- Opening Delimiter -
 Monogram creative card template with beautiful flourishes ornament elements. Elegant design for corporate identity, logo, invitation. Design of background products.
- Closing Delimiter -
- Opening Delimiter -
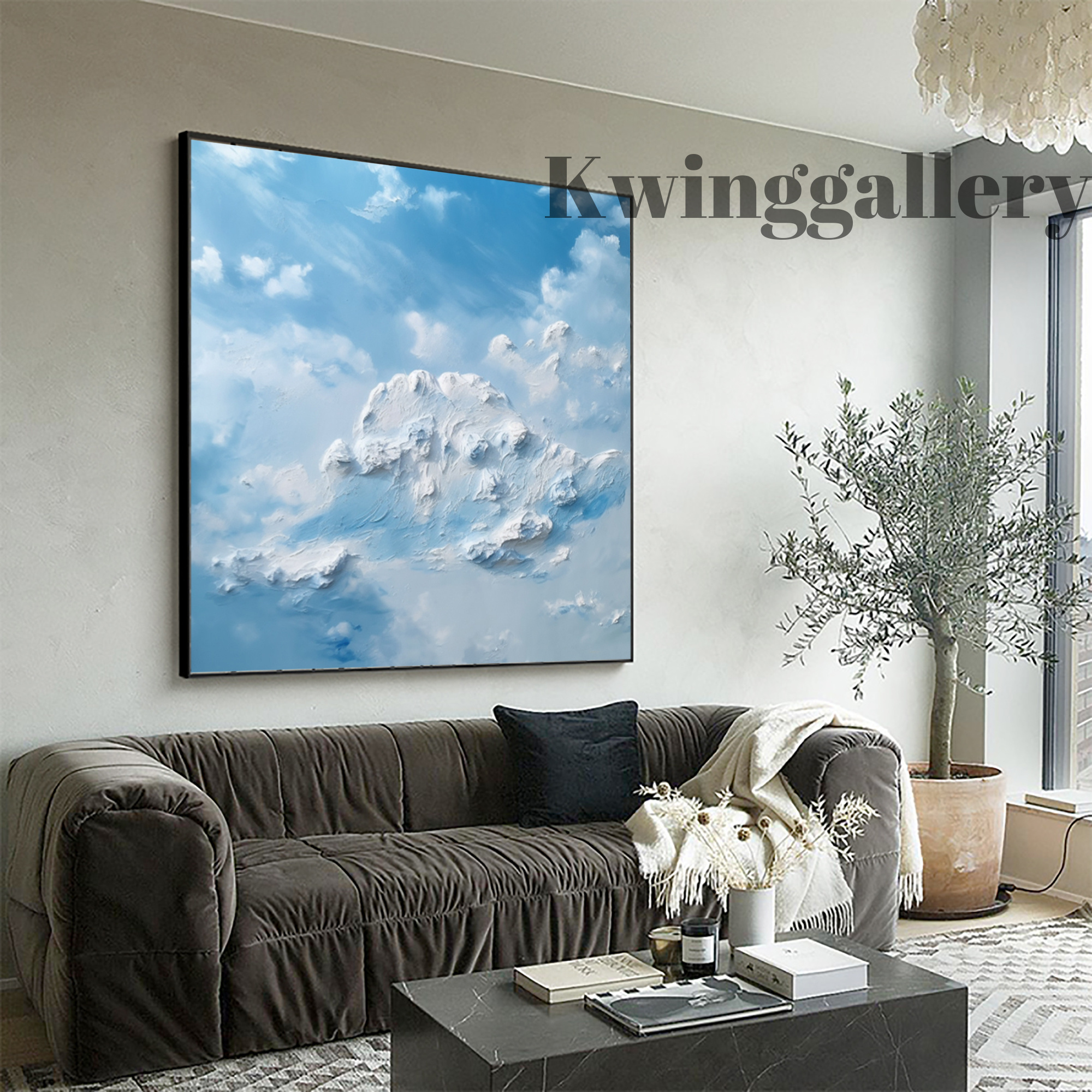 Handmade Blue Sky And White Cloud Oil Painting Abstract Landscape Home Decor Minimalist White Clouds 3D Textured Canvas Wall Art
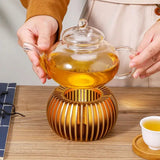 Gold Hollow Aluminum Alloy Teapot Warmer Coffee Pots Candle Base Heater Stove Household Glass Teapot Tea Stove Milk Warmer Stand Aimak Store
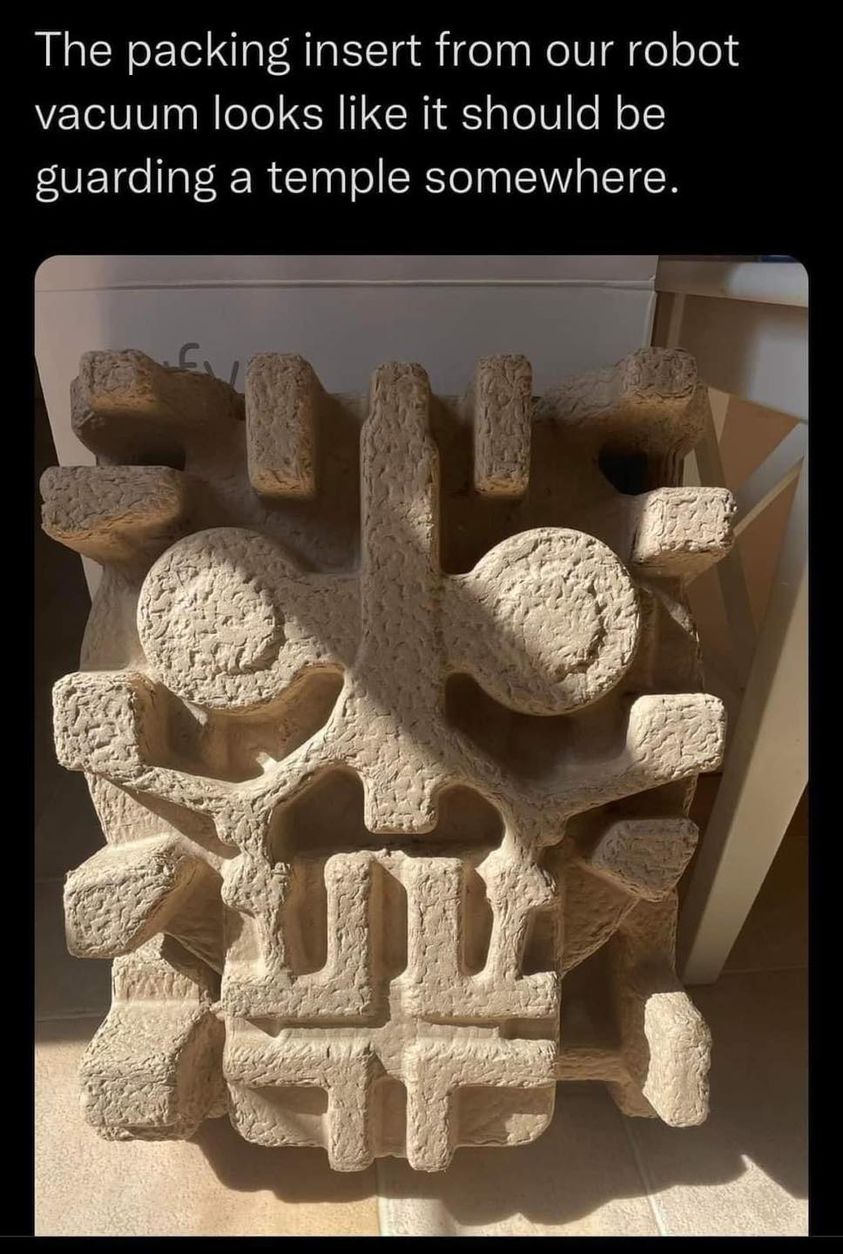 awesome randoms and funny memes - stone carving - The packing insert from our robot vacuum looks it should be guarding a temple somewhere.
- Closing Delimiter -
(About this exercise)
Although the records above contain pictures, the copy must not; set down exactly the lines from the one with "Gold Hollow Aluminum" up to and including the one with "awesome randoms and".

(Answer section)
 Gold Hollow Aluminum Alloy Teapot Warmer Coffee Pots Candle Base Heater Stove Household Glass Teapot Tea Stove Milk Warmer Stand Aimak Store
 awesome randoms and funny memes - stone carving - The packing insert from our robot vacuum looks it should be guarding a temple somewhere.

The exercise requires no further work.